## TASK DESCRIPTION:
The exercise calls for the lines from the one containing "Hier zieht die" to the end of the data below to be output exactly, pictures excluded.

## DATASET EXCERPT:
<<<<

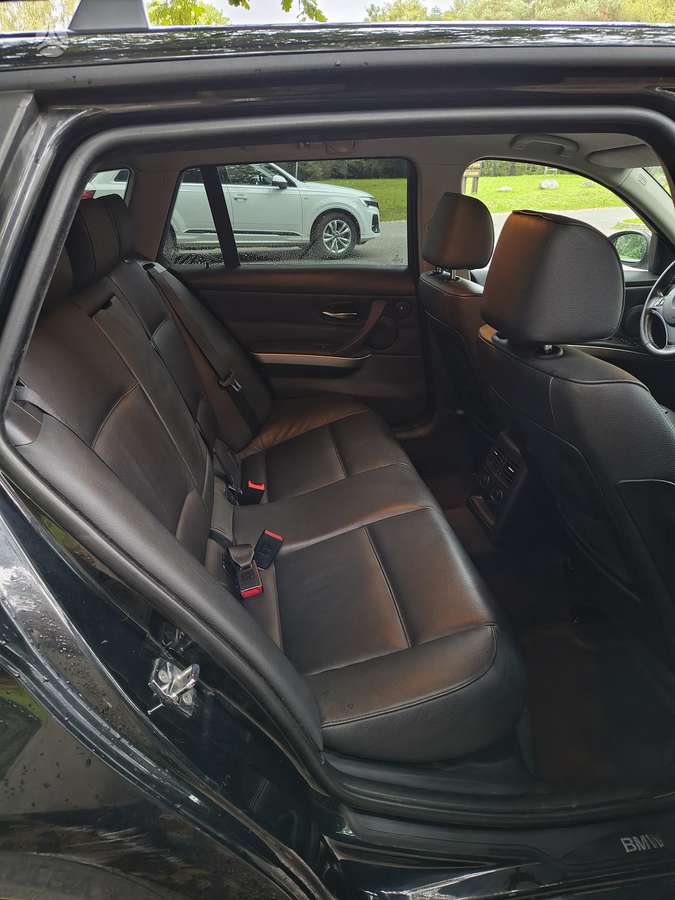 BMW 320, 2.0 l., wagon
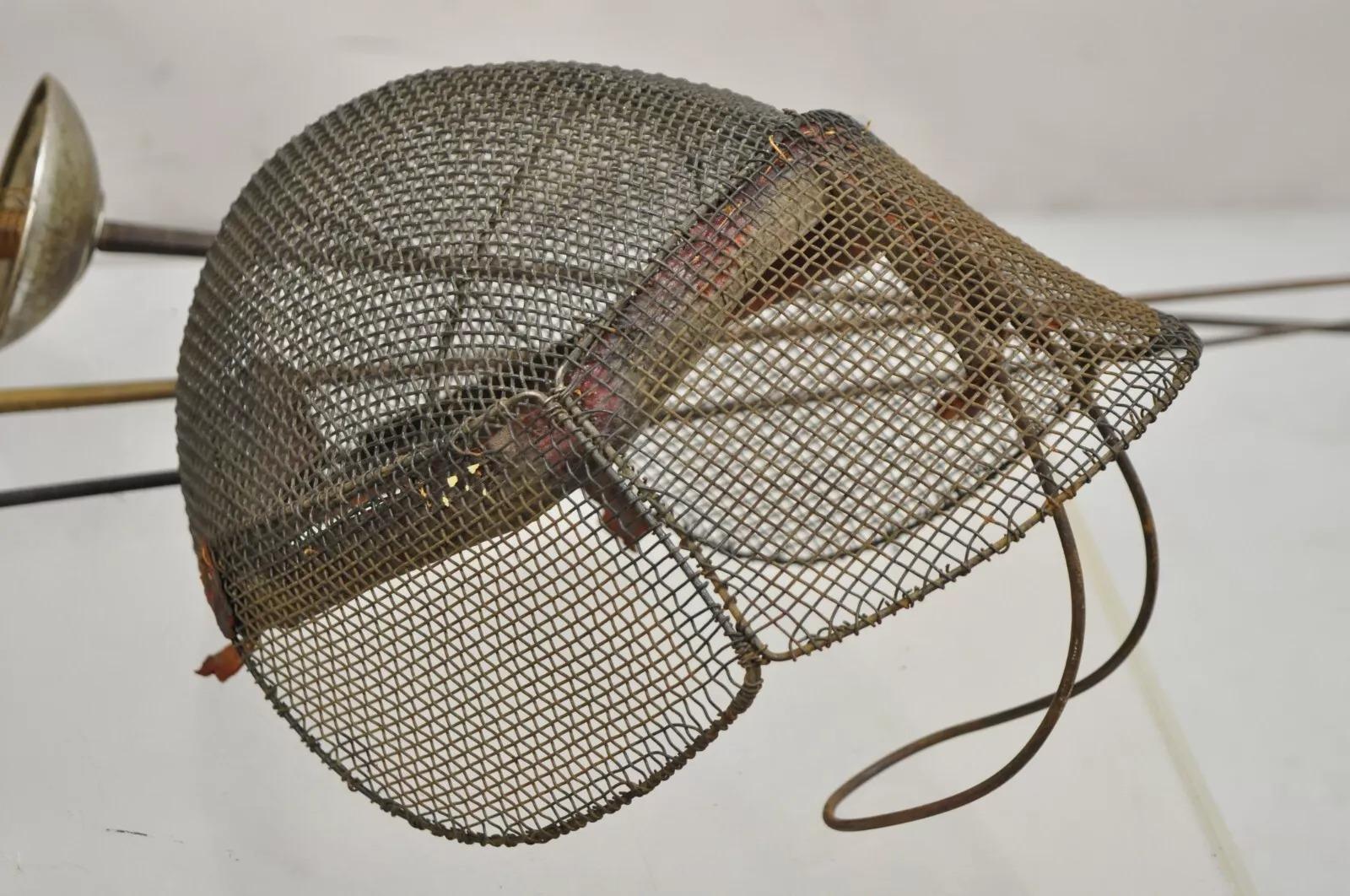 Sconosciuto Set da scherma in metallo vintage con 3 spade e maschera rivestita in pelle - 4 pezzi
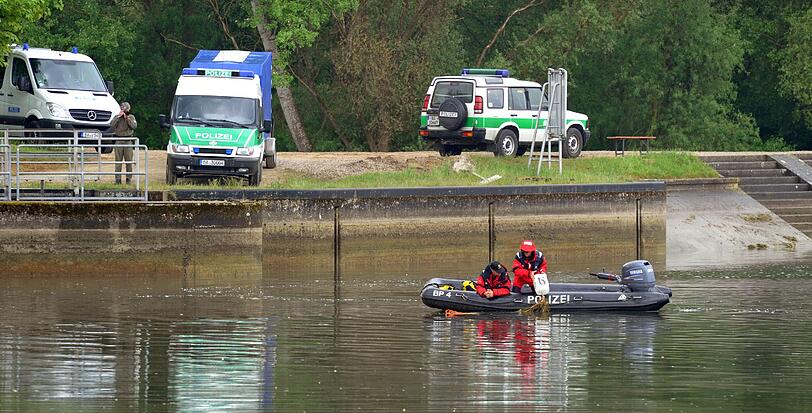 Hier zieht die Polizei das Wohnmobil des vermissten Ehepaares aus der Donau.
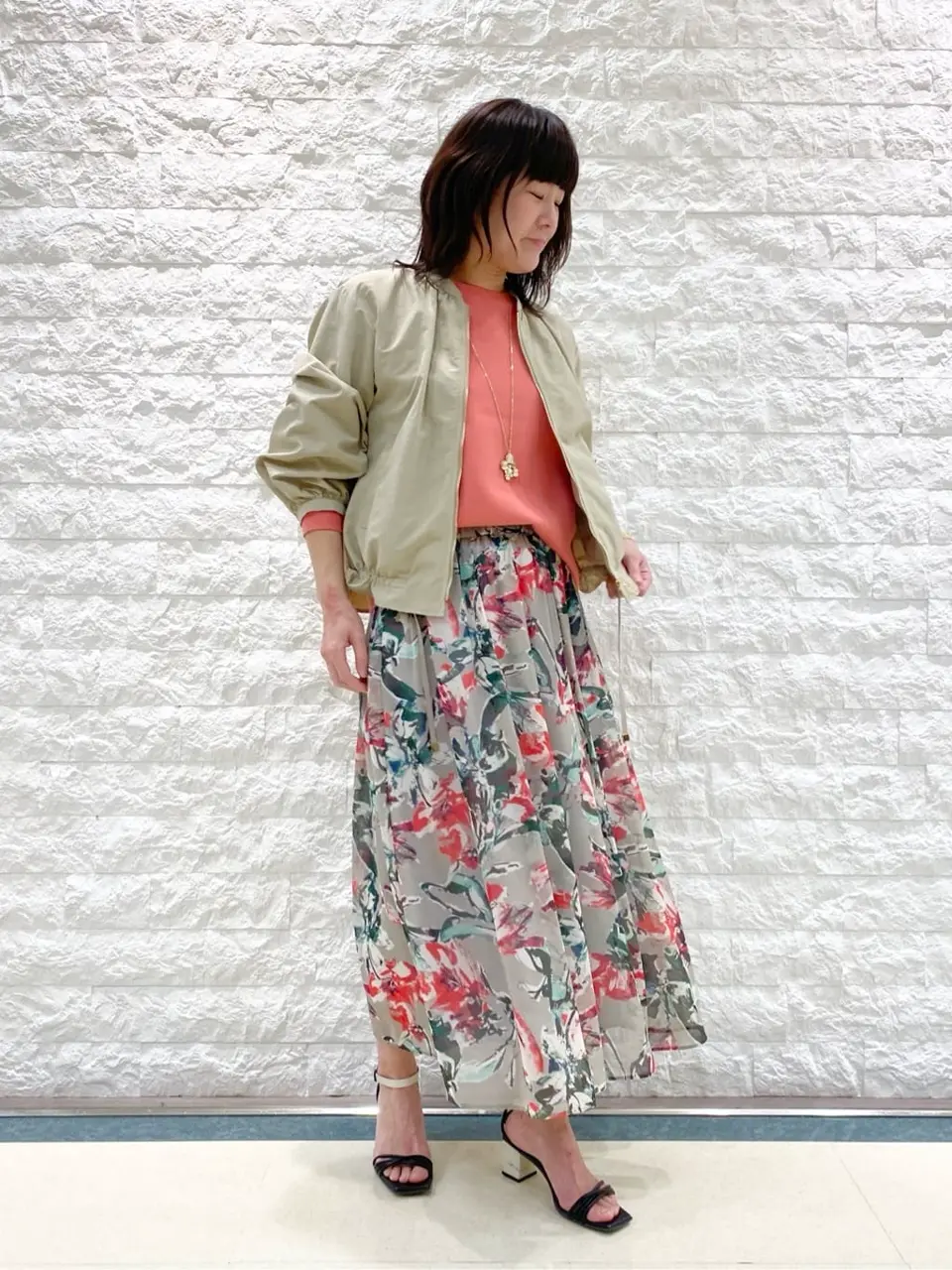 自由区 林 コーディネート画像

>>>>

## EXERCISE RESPONSE:
 Hier zieht die Polizei das Wohnmobil des vermissten Ehepaares aus der Donau.
 自由区 林 コーディネート画像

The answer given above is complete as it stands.